Whether or not Mom was all there wasn’t worth fighting about. Rick gripped the lamp so tight his knuckles ached. “That why you drove the pickup out? So you could take off, keep looking?”
“Unrelated.” He was messing with the crossover duct. “Something went missing. Decided to keep my shit where I can see it. Feeling a little violated, I guess.”
Rick absently picked at the head of a framing nail. He needed to come clean or commit to playing dumb. “What’s gone?”
“Know the stuff behind the horn pad? Shit I told you about yesterday?”
A sliver of joist slipped into Rick’s finger with a pinch. “Yeah? Sure?”
“Gone.”
“What?”
“Damnedest thing.”
Rick’s heart beat hard in his chest, but he didn’t say anything. He waited.
Paul seemed to be waiting, too. “Well,” he said, finally breaking the silence, “guess Jensen must’ve took it.”
“What? Why?”
“Not to worry. Nothing that can’t be squared away.”
“Why you think it was him?” Rick still had the pills in the van, beneath the seat. He’d opted not to throw them out, mainly in case some shit like this came up and he needed to put them back to keep Paul from being an idiot. Better for him to go to jail for possession than whatever he might like to do to that cop. Paul was like Dad that way. The kid held a grudge.

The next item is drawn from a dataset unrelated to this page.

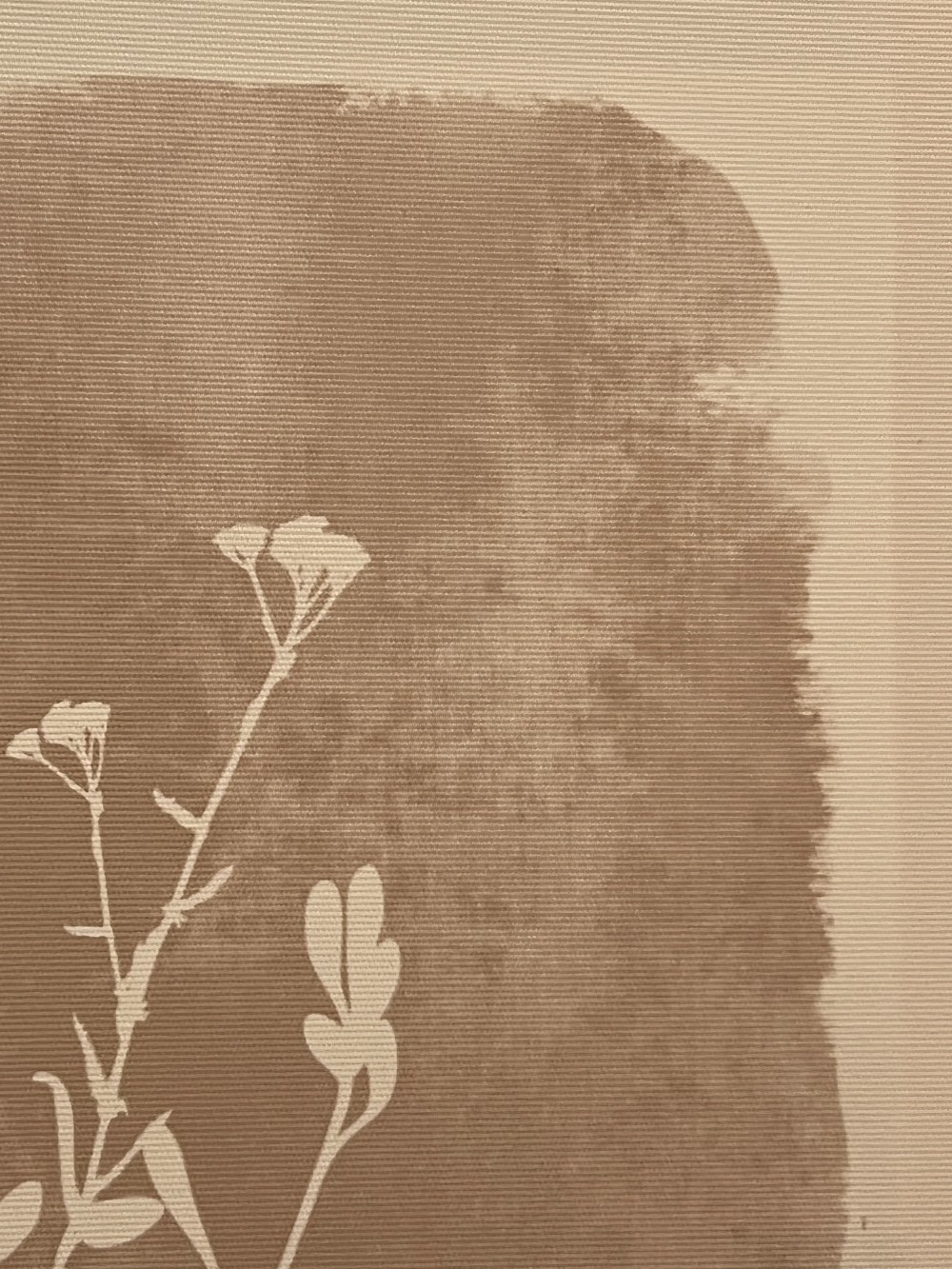 Framed Floral Silhouette and Geometric Artworks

“Deduced it. Besides you and me, nobody knew it was there.” The ductwork crinkled to the ground on Paul’s end, and his voice came clearer. He said Jensen got in the pickup the other night, dug through the glove box, and the horn went off. Paul figured it was an accident. “But then I went to sell some to a couple inbreds from Junco last night, and what do you know. Poof—they’re gone. And like we already established, nobody besides you and me knew they were there.”

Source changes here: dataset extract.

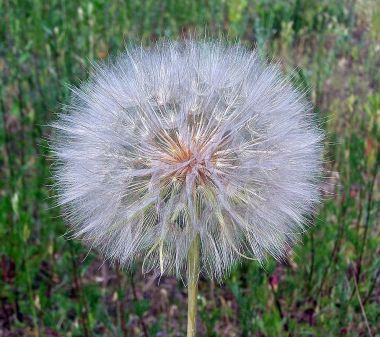 Showy Goatsbeard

Maybe Rick could say he had to take a piss, shove the pills deeper in the steering wheel so Paul would think they’d moved. No. There wasn’t enough space. “You can’t go running after a cop. Not with this Mom shit going on.” Maybe Rick could throw the pills under the seat.
“I had a hunch you’d feel that way. But you see, what we’ve got here is a case of illegal search and seizure, brother. There’s principle involved.”
“They probably just fell out. Landed somewhere in the truck. Like that putty knife we couldn’t find for a month,” Rick said. “I’ll help you look when we’re done.”
“Oho, but I learned from that putty knife. Checked every inch of floorboard, every crack and crevice and cubbyhole. Them pills is absent.”
This was no good. That cop was enough to worry about without Paul having an excuse to fly headlong at him.
Rick thought he’d best come out and say it. Say he took the pills, because wherever the hell Mom was, she didn’t need a kid in jail. Not on top of another kid killed and a husband who paid her bills but wouldn’t step foot in the same room with her. Rick pictured her yellow pile of curls leaning from the side of her head as she roamed the ditches, warbling on and on to some George Jones song like a little bird. Shit tore him up.
“You’re awful quiet over there, partner,” Paul said. “Contemplative.”
“What?”
“What what? I’m waiting on you. You got a call to make here.”
Rick’s lamplight drew down to a speck. He slammed the butt at his side again and the lamp lit back up. He scanned the ruined tarp. The truth was they could do it in a day. He had more pride than that, but they could. They could leave the shredded insulation in, cover up the whole mess. Switch out the pipes and patch the son of a bitch with bigger sheets of tarp. It’d always stink like mildew, but hell. If they laid new carpet, the place would stink like new carpet for a few months first. Long enough for Dad to sell the thing.
On the other hand, they could stretch the job into two days if they put up a new belly, three if they did the place right. It’d mean leaving Pam overnight, frying and popping fuses till he got home. It’d mean leaving Mom out wandering around, God knew where. But an extra day might cool Paul off.
Rick tilted the lamp to the right of the clean hole he’d made. More shreds hung a few inches away.
“Just start tearing shit out,” Rick said. “Nothing down here to salvage.”